# Description of the task
Restate the listing below word for word, pictures excluded.

# Exercise data
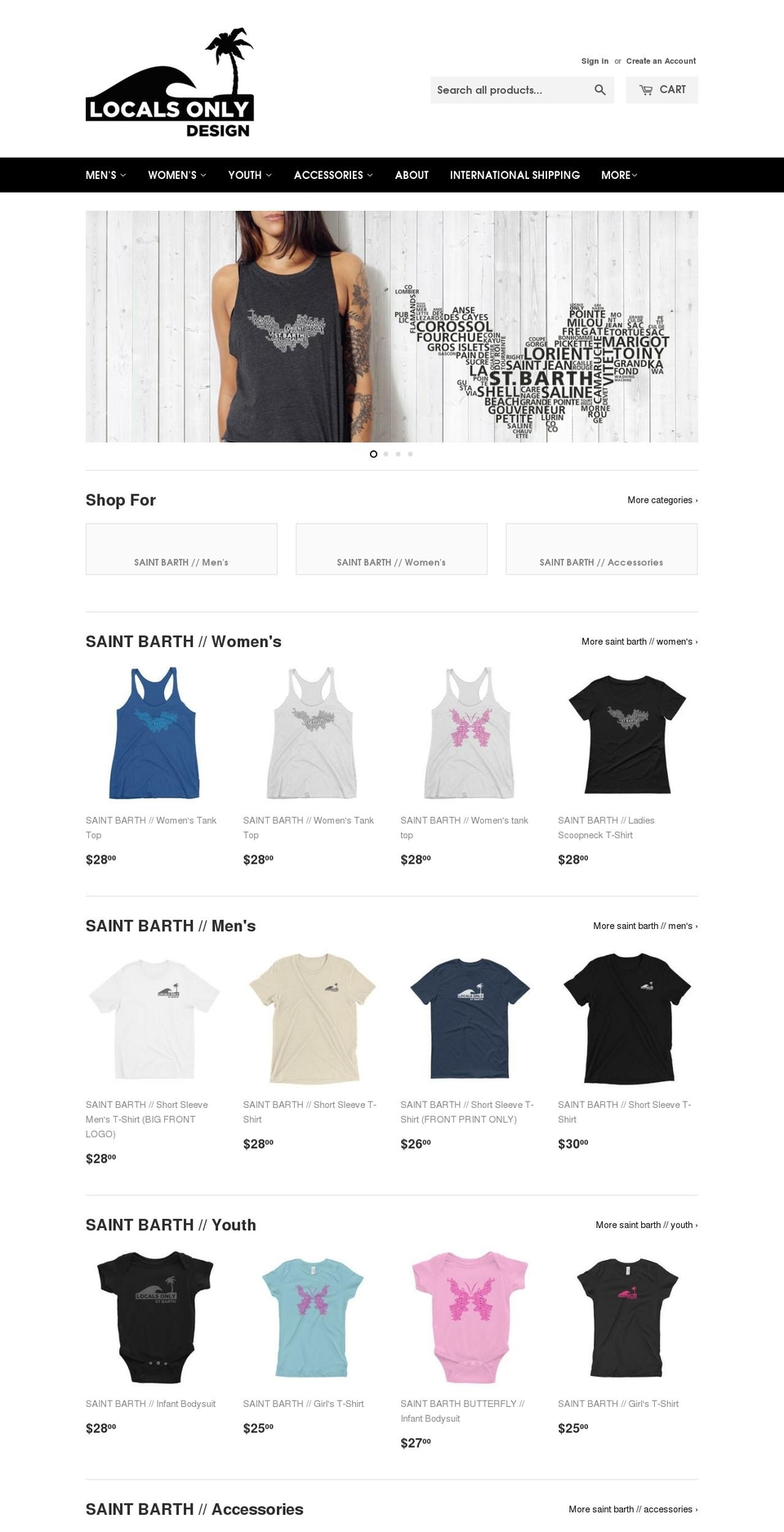 localsonlystbarth.com — Shopify storefront screenshot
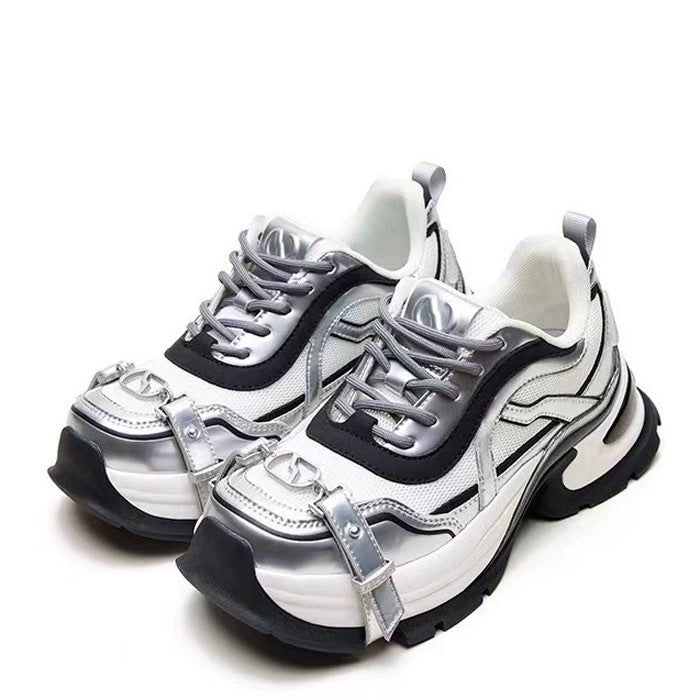 Women's & Men's Cross Chain Belt Buckle Dad Thick Bottom Sneakers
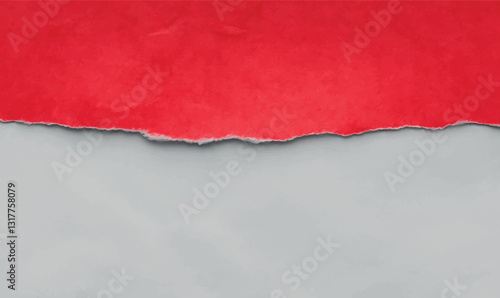Torn grunge paper with ripped edge background. Red ripped paper torn isolated on white background. Old torn vintage collage posters crumpled paper surface texture space for text. illustration.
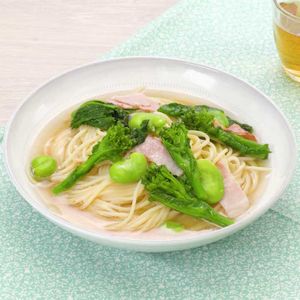 「春野菜スープパスタ」のレシピ動画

# Exercise answer
 localsonlystbarth.com — Shopify storefront screenshot
 Women's & Men's Cross Chain Belt Buckle Dad Thick Bottom Sneakers
Torn grunge paper with ripped edge background. Red ripped paper torn isolated on white background. Old torn vintage collage posters crumpled paper surface texture space for text. illustration.
 「春野菜スープパスタ」のレシピ動画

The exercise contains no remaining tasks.